The mandate is effectively a central bank’s job description, setting out the target it’s supposed to meet. In the UK, this is ‘price stability’, defined as 2 per cent annual inflation. While this takes priority, there is a secondary element: supporting growth and employment. George Osborne in his time as Chancellor altered the Bank’s remit by pointing out that there were ‘flexibilities’ in the 2 per cent inflation target, essentially saying ‘please consider whether causing a recession to bring down prices is entirely sensible, and behave accordingly’. The disagreement between Truss and the Bank is mostly a matter of whether it has leaned too heavily on this flexibility.


If Truss thinks the Bank should move to a strict inflation target, then she may shed a considerable number of voters to Rishi Sunak

Many central banks have what is known as a ‘dual mandate’: they are explicitly asked to trade off the twin evils of inflation and unemployment, weighing both in their decision making. In theory, the Bank of England should put most of the weight on inflation. It was given total independence in setting interest rates by Gordon Brown precisely so that electoral concerns would play no role in their determination; all that would matter was the state of the economy. But both inflation and unemployment cause economic hardship, and always prioritising the first will sometimes make people worse off than a gentler approach to fighting inflation would have.


In fact, it would probably be one of the worst ways you could run a central bank. You can think of the price level in the economy as being roughly equal to total spending divided by total output. In a classic recession, these tend to move in the same direction: demand falls, output adjusts downwards by a little less, and you get deflation. Similarly, in a boom period demand rises, output doesn’t quite keep track, and you get inflation.

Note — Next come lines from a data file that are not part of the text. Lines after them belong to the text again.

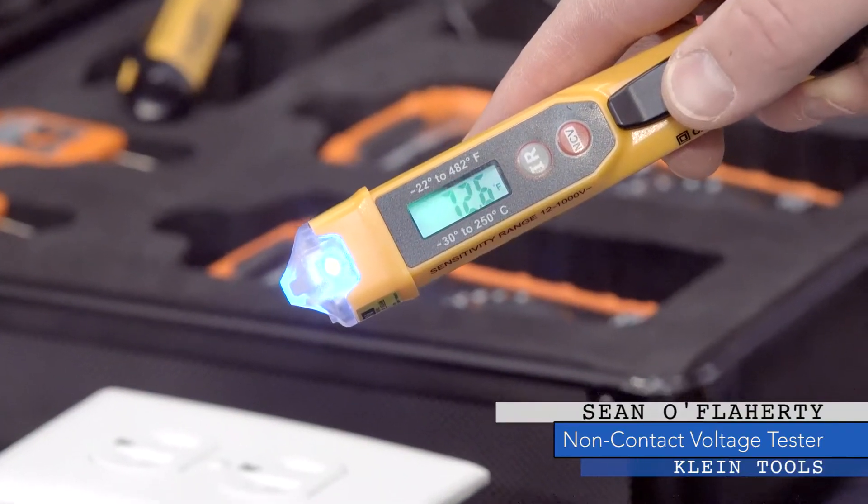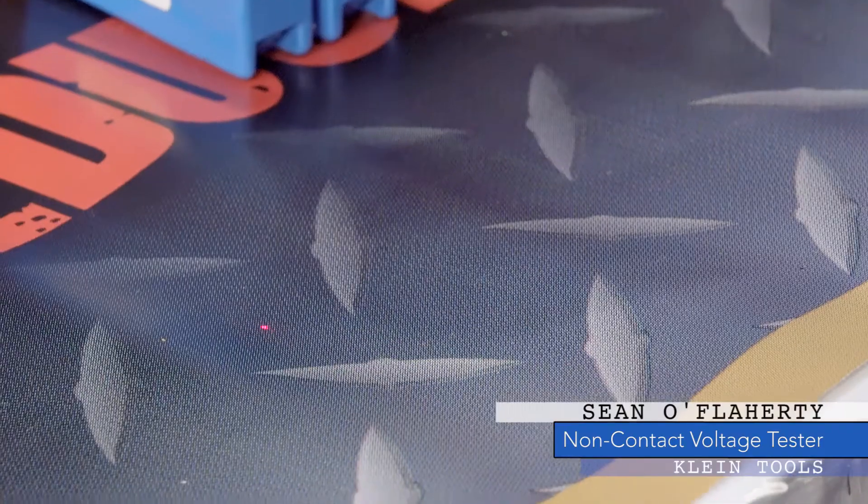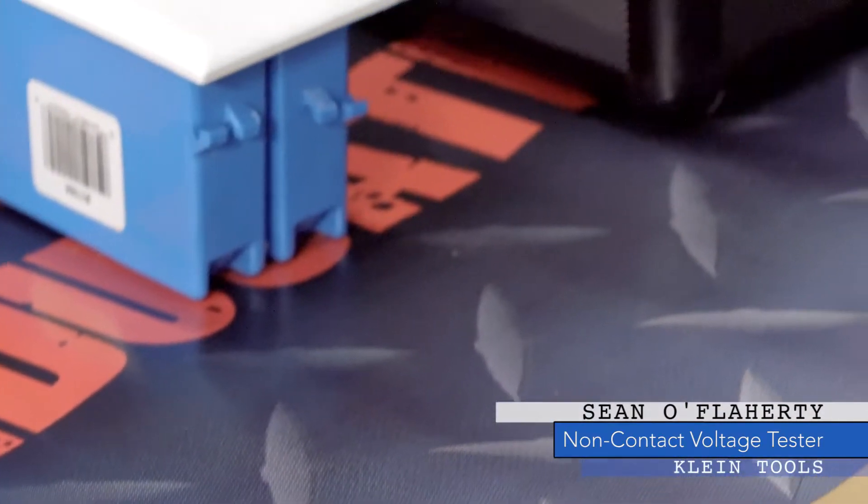Hi, I'm Sean of Laherty with Klein Tools. I'm here to talk to you about the NCP4IR. That is our new non-contact voltage tester, which can detect voltages from 12 to 1,000 volts, and also has an onboard infrared thermometer.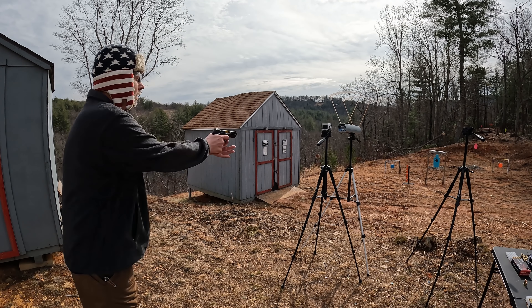All right, here are the five-round averages: for the 30 Super Carry we got 1200 feet per second; for the 9mm we got 1083 feet per second; and for the 380 we got 885 feet per second. Pretty interesting stuff. Now check this out — what I just realized is one of the big claim to fames about this round: you get two extra rounds in the same size package. Well, that's not absolutely true.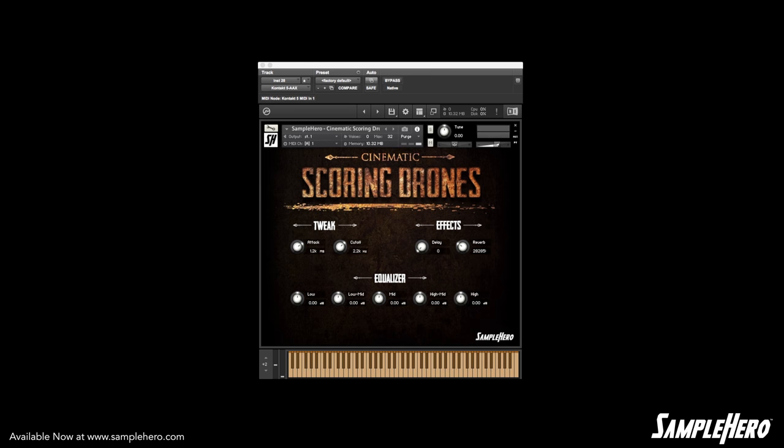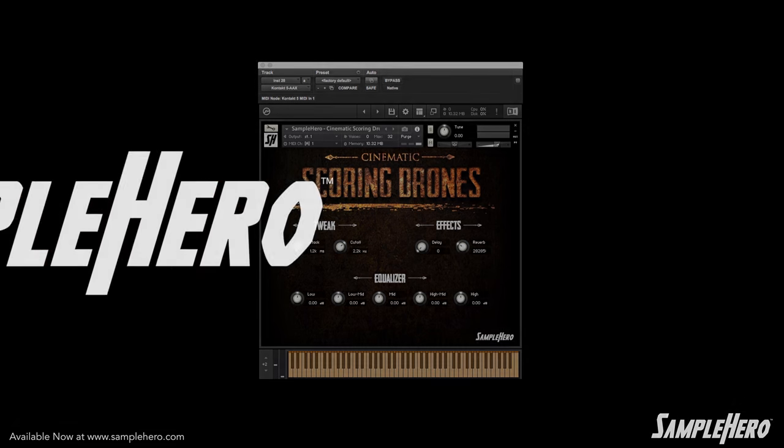Let's go ahead and take a listen to a few more drones, and then we'll wrap this video up. Alright, that about covers it. You can pick this up at SampleHero.com — get it, use it, put it in a track, send us the track. We'd love to hear how you use this software.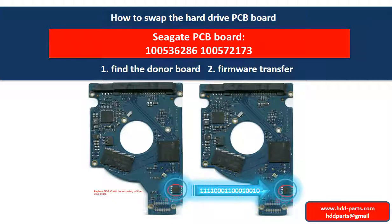Hello everyone. This is a tutorial of how to swap the hard drive PCB board.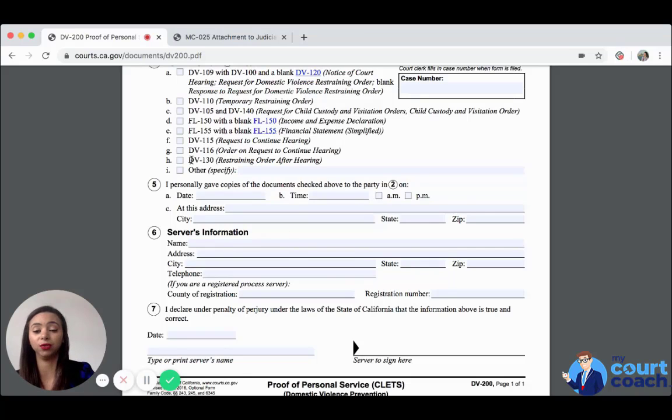I want to go back to item 4i — 'other' — because that can include documents you've attached to your request for domestic violence restraining order. So if you have text messages, videos, or anything else you really want the court to see, you can include that information on that line to ensure the court knows you gave your evidence, declarations, witness statements — whatever it might be — to the other party.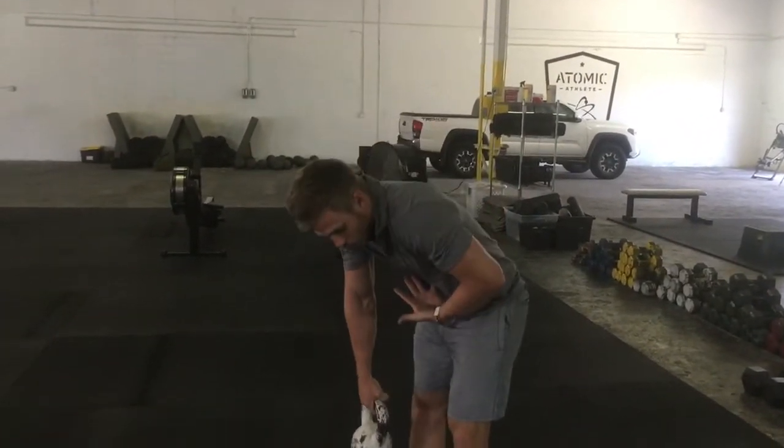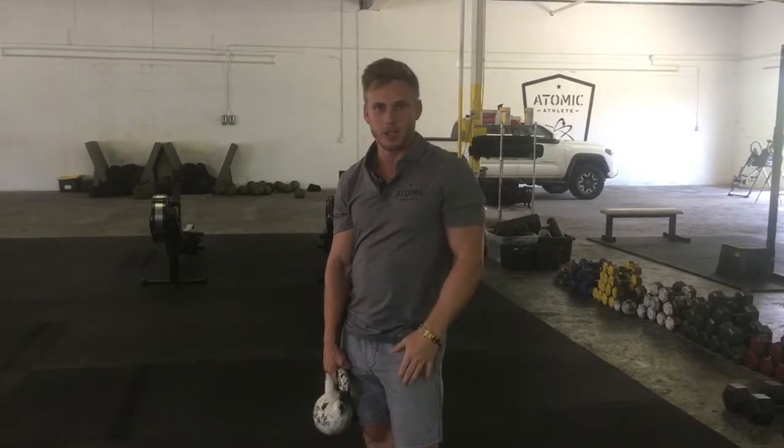This is going to be similar to a ragdoll stretch, but instead of caving over with our core, we're going to keep it nice and tight. Kind of like when we're doing our deadlift or any type of lift, we're going to keep a nice flat back while we do this. Our RDLs would be another good example.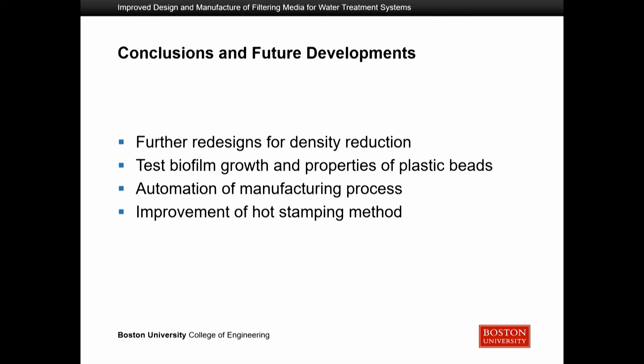For our conclusions and future developments: although we produced two bead designs that our client was happy with, we would like to further reduce the density — possibly by adding air pockets — to increase flotation redundancy and further prevent bead loss. We also want to test biofilm growth on the final manufactured plastic beads, which we are currently doing. Additionally, we want to automate the manufacturing process, as we are currently manually pushing plastic through the nozzle, and improve the hot stamping method to reduce post-processing by making cuts more immediate.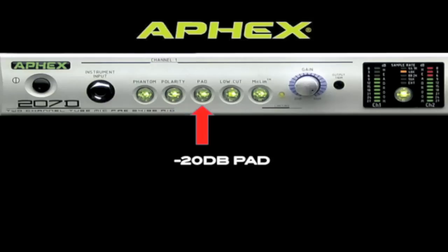Sometimes, even with the gain knob turned all the way down, an input signal is still too hot to use. This is when you engage the 20 dB pad. It lowers the input level by 20 dB and brings the input signal under control.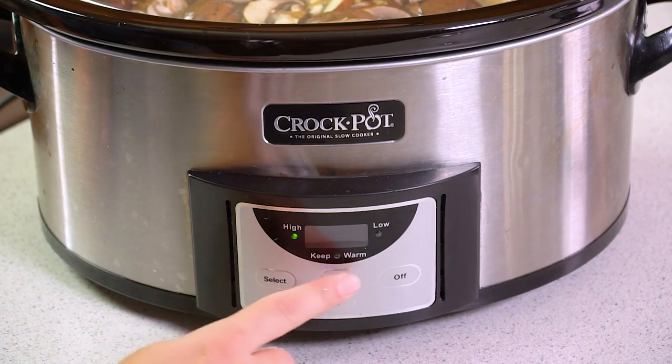Next we're going to pop the lid on and cook this on low for 6 to 8 hours, or you can cook it on high for 3 to 4 hours.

What’s happening now is a shock to supply. The war in Ukraine has driven up energy costs, driving down output; demand has remained strong. Output and inflation have moved in opposite directions. A central bank which only cared about inflation would have a simple approach to this: it would simply raise interest rates until demand was choked off, bringing inflation under control. That this would cause an incredibly deep and painful recession – worse than the one we’re set to have – wouldn’t factor into the decision.


This is where a little more clarity from Team Truss would be useful. If Truss thinks the Bank should move to a strict inflation target, then she may shed a considerable number of voters to Rishi Sunak. Confusingly, however, sources close to her campaign seem to be suggesting that what she actually wants is a lower inflation target than 2 per cent, or to follow the Japanese government in introducing a target for ‘nominal GDP’, the total value of spending in the economy.


The first of these policies would be relatively uninteresting. The Bank would be a little more hawkish in the near term, but there would be no long-term difference beyond reduced ability to lower interest rates in a recession. Nominal GDP targeting, however, would be a very interesting change.


Nominal GDP targeting is a way of formalising the tradeoff between inflation and unemployment. Right now, the Bank of England has no explicit way of weighting inflation against unemployment in interest rate decisions; it has targeting rules, rather than mechanical formulas. This introduces an element of uncertainty over whether the Bank will act to bring down supply-side inflation, or look through it to maintain employment. Under a nominal GDP target, the Bank instead tries to keep total spending in the economy on a predetermined path.


This would enable the bank to overlook the sort of supply-driven inflation we’re experiencing now, while clamping down on price increases driven by excessive demand; so long as spending remains constant, inflation is accepted. The big drawback to this policy is that it’s pretty hard to tell what GDP in a period actually is; figures are constantly revised, and mismeasurement could drive real errors in monetary policy. The other drawback for Team Truss is that it wouldn’t bring inflation down in the short term – or, indeed, in the long term; the average level would be pretty much the same. The benefit would be clearer criteria for decisions, and smoother output.